* Task objective: Count every line in this listing that has "Print". Reply with only the total.

* Provided material:
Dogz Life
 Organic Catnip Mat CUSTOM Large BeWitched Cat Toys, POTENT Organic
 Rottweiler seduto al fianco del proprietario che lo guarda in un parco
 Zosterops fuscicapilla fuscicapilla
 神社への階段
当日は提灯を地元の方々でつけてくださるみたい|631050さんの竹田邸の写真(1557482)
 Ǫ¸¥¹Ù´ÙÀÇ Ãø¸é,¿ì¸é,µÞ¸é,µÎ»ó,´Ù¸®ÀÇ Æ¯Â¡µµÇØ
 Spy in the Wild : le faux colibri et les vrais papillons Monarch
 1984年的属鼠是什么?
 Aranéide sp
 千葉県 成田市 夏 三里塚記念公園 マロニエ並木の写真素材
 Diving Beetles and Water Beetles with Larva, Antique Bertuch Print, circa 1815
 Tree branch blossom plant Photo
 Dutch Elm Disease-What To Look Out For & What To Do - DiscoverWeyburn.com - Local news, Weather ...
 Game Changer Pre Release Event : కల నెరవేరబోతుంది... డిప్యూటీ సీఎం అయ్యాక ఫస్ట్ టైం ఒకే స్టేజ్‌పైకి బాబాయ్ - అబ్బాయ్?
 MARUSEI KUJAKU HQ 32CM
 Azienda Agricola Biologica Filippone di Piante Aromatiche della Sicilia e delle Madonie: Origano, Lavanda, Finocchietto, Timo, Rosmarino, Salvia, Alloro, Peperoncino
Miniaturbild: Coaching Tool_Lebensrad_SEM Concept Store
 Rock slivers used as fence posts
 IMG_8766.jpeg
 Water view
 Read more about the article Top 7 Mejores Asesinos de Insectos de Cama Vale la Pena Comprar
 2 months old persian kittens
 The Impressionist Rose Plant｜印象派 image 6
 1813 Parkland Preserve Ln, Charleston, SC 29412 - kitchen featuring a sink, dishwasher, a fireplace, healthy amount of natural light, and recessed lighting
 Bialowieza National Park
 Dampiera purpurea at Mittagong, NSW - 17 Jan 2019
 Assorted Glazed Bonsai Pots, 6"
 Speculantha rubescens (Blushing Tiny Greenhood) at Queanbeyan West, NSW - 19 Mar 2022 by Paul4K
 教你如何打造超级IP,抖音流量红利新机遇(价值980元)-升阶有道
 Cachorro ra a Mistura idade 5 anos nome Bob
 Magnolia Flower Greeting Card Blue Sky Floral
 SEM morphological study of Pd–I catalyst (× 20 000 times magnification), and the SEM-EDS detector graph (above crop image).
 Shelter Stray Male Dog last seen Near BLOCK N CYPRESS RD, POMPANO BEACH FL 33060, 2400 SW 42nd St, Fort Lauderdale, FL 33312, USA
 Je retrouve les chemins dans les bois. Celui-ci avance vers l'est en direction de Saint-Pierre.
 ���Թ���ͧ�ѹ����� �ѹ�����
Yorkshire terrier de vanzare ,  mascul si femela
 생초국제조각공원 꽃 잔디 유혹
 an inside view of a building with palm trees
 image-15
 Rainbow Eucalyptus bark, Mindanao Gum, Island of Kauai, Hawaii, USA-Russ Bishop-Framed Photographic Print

* Solution for this task: 2